##### LISTED ENTRIES
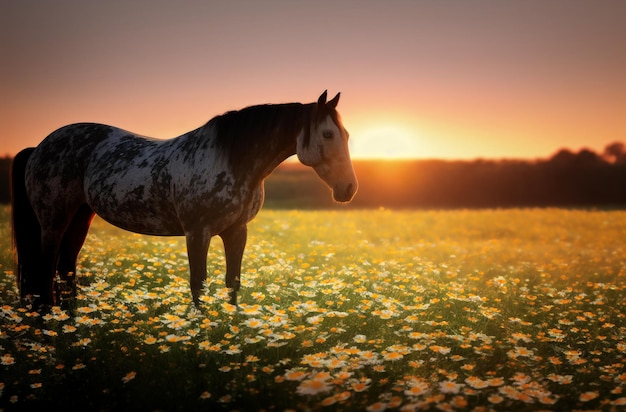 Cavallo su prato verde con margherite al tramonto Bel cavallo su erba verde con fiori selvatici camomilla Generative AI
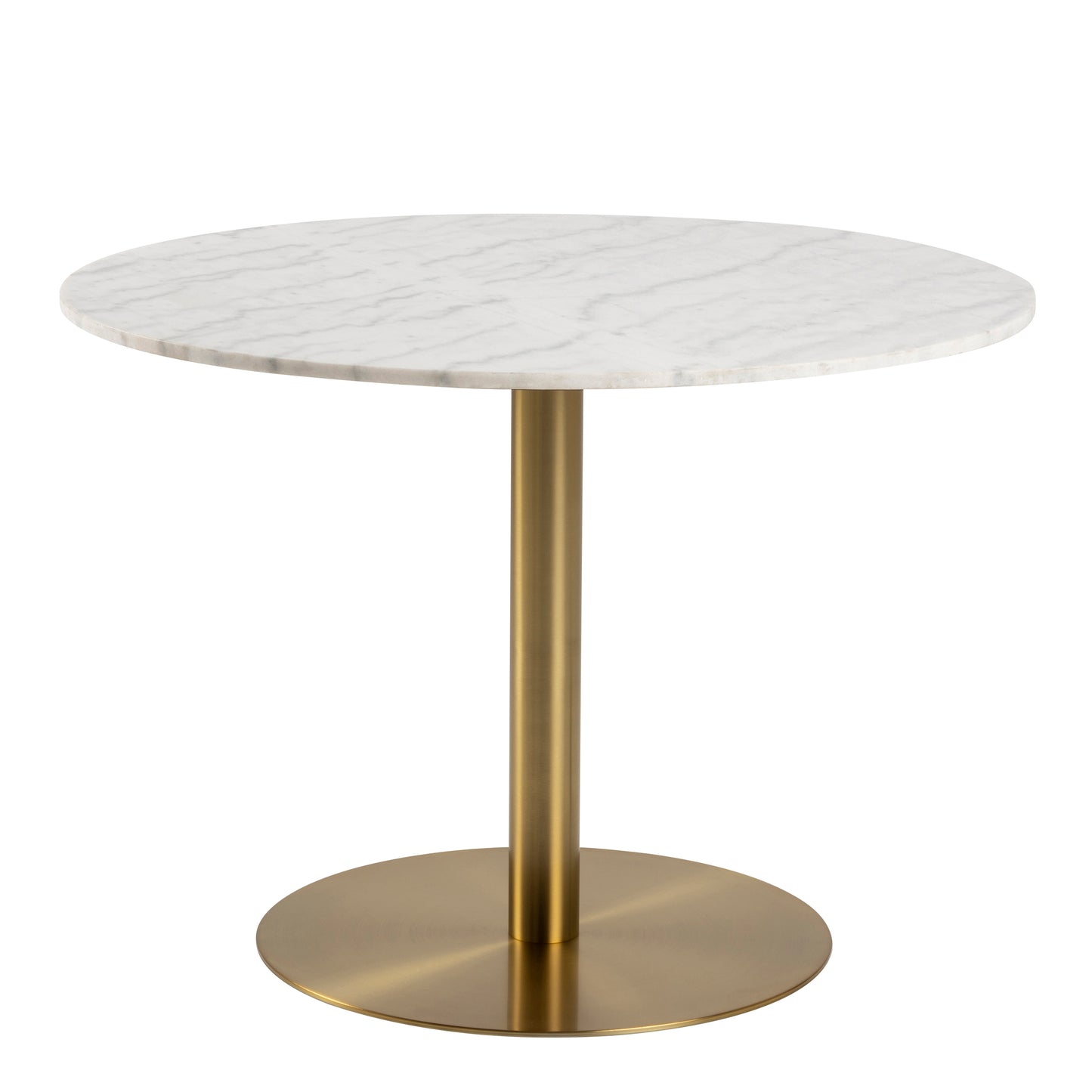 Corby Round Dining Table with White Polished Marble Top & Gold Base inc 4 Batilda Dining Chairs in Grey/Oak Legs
##########
##### LISTED ENTRIES
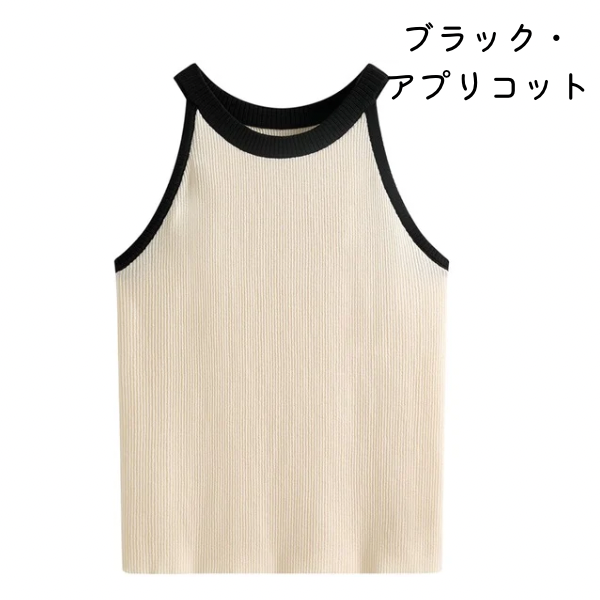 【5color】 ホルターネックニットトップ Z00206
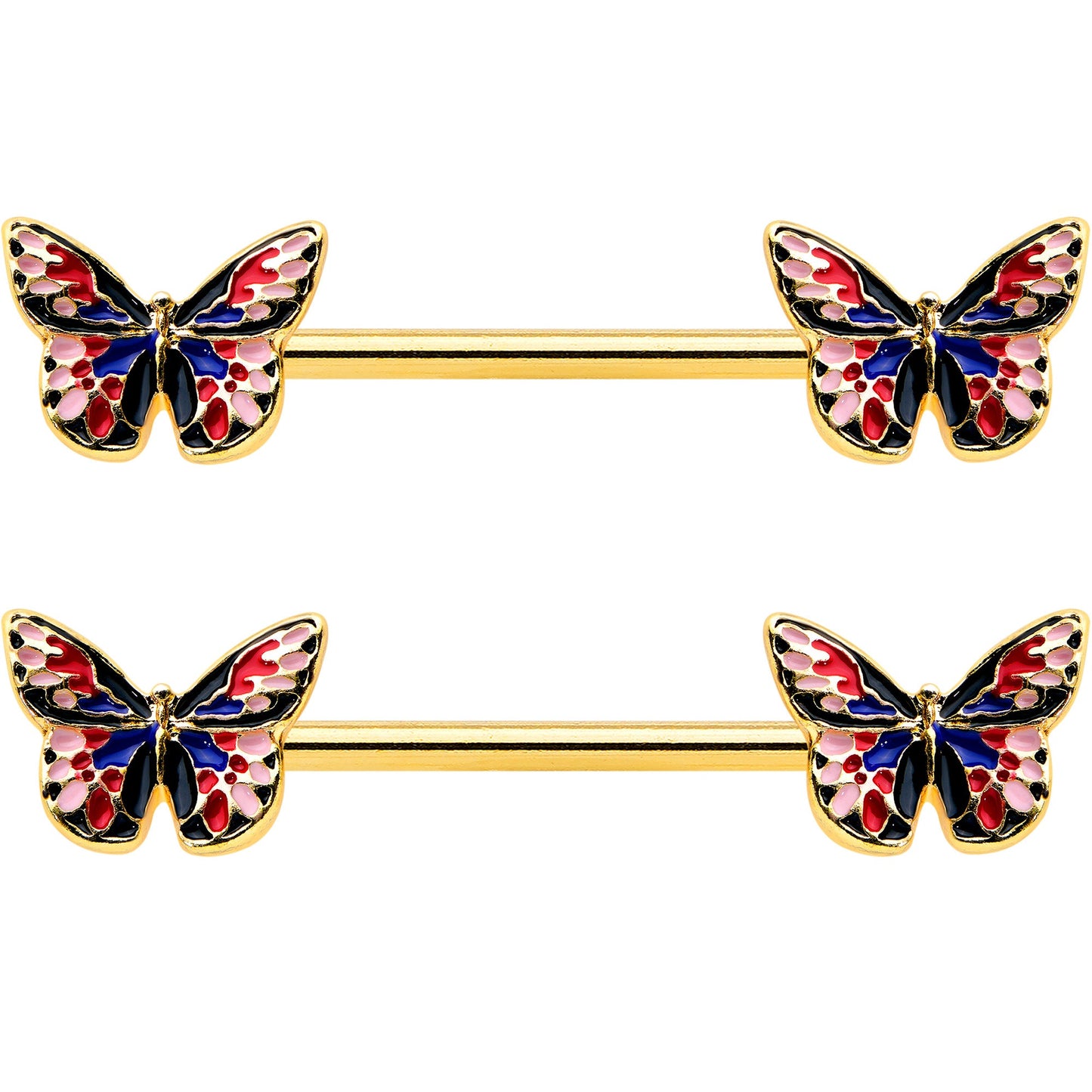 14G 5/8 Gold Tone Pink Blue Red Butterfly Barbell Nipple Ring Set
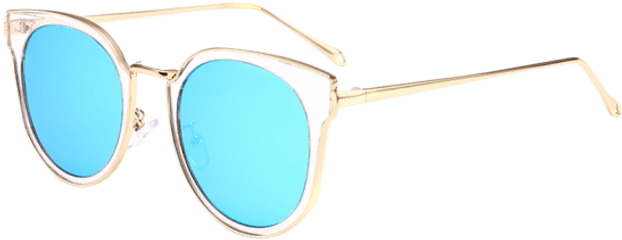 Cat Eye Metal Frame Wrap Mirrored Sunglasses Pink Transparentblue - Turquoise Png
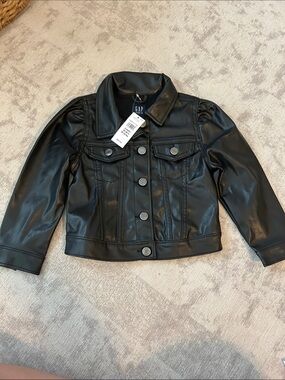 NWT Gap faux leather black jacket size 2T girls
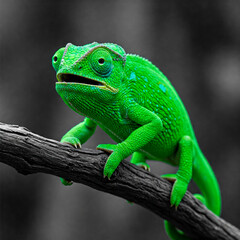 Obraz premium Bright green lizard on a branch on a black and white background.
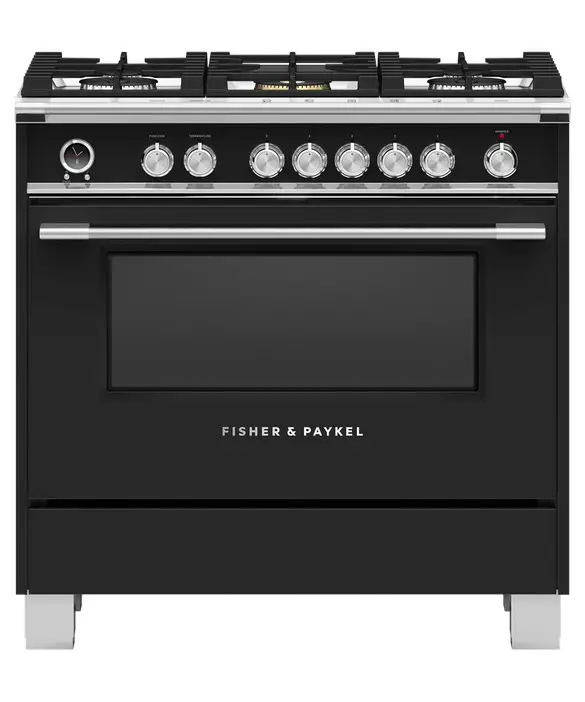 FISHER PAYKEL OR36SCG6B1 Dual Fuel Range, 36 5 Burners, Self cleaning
##########
- [PROBLEM]:
Working from the entries above, reproduce exactly and only the lines beginning with the line that has "Cavallo su prato" and ending with the line that has "Corby Round Dining"; omit all pictures.

- [EXERCISE RESULT]:
 Cavallo su prato verde con margherite al tramonto Bel cavallo su erba verde con fiori selvatici camomilla Generative AI
 Corby Round Dining Table with White Polished Marble Top & Gold Base inc 4 Batilda Dining Chairs in Grey/Oak Legs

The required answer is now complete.